Taubman's principles are solid. But her ideas are often presented in a way that suggests that she is the One True Way. People tend to become disciples or followers of Taubman/Golandsky, and they see it as being in opposition to all the other schools of piano playing out there.

What I was trying to show in the video I posted is that physiologically sound and beautiful technique has been around for a long time. Taubman does not have a Gnostic insight into piano technique, she just happens to be right, like several others.

The other problem is that they use phrases like "Perfect Octaves" and "Perfect Double Thirds."

If you watch the "Perfect Double Thirds" video, she describes thirds as having a double rotation.

The technique she describes works perfectly for the double thirds passage in the first Brahms concerto, where the tempo is moderate and a big sound is required, but what about the Chopin double thirds etude, or the opening of Beethoven Op. 2#3? There quite simply isn't time for a double rotation, so what then?

Then there's this little gem:

http://www.youtube.com/watch?v=16LNzkafBWw

It's a few words on fast playing that does not contain any fast playing!
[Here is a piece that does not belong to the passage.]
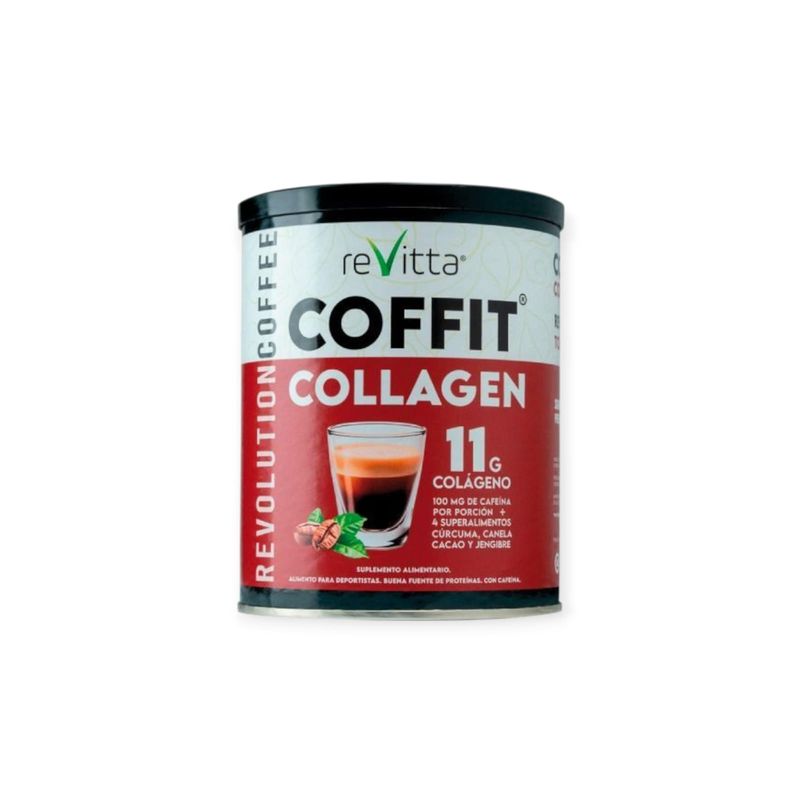 REVITTA WELLNESS - CAFE COFFIT COLAGENO 300GR - REVITTA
And what kind of fast playing are we talking about? Scale passages? Octaves? Different types of technical figurations (Chopin first prelude, Prokofiev Harp prelude, Rachmaninoff Op. 39#1?)
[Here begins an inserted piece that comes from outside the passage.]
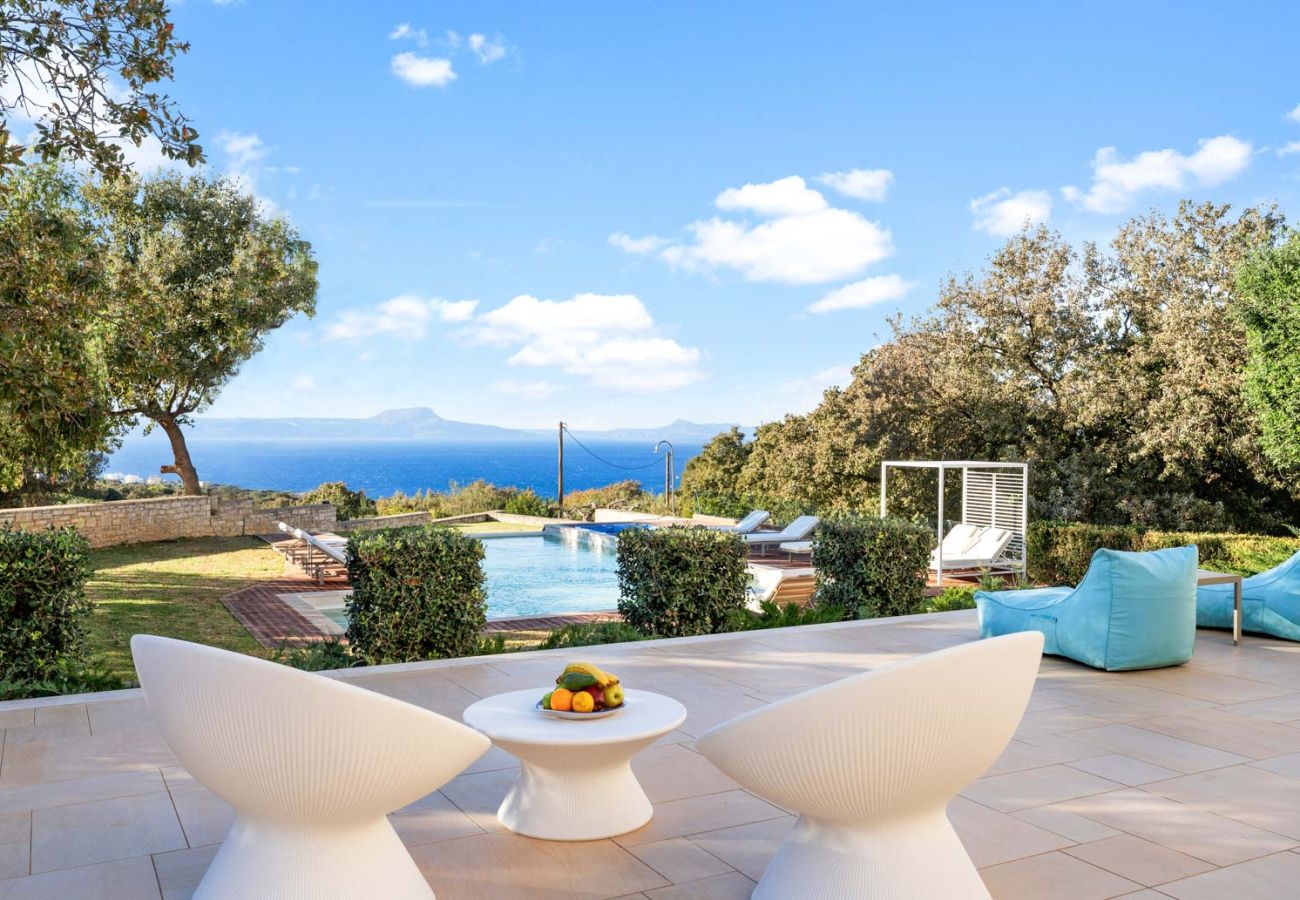 Villa in Atsipopoulo - Luxurious Villa Liandri – 600 m² Resort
Again, what she's saying is correct - but she's addressing a very specific kind of problem, but there are other types of fast passages as well. She mentions that the technique many people use destroys legato, but what if you don't want to play legato? Does the technique remain the same or does it change? Obviously, some aspects remain the same while others change - but those are the kinds of issues that tend to be overlooked or glazed over in Taubman's work. (And yes, I've watched the complete set of tapes several times.)
The absolutisms are marketing, that's all. Another problem is that people are judging it based on excerpts. Of course you didn't see her playing fast in that clip. It was edited.
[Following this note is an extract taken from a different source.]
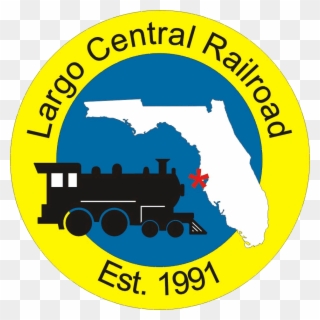 Largo Central Railroad Clipart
As far as Alexei Grynyuk goes, instead of worshiping his technique and doubting yourselves, why don't you try to figure out ways to achieve it? My jaw dropped when I first heard Cryptopsy, but once I got over that, I made progress. Perhaps some people have faster twitch mechanisms genetically, but you'll never know unless you try to push your boundaries. I couldn't move as fast as Flo Mounier initially, but I eventually got there through practice and persistence. Quick tip: start with short bursts--doubles, triples, quadruples... and build up.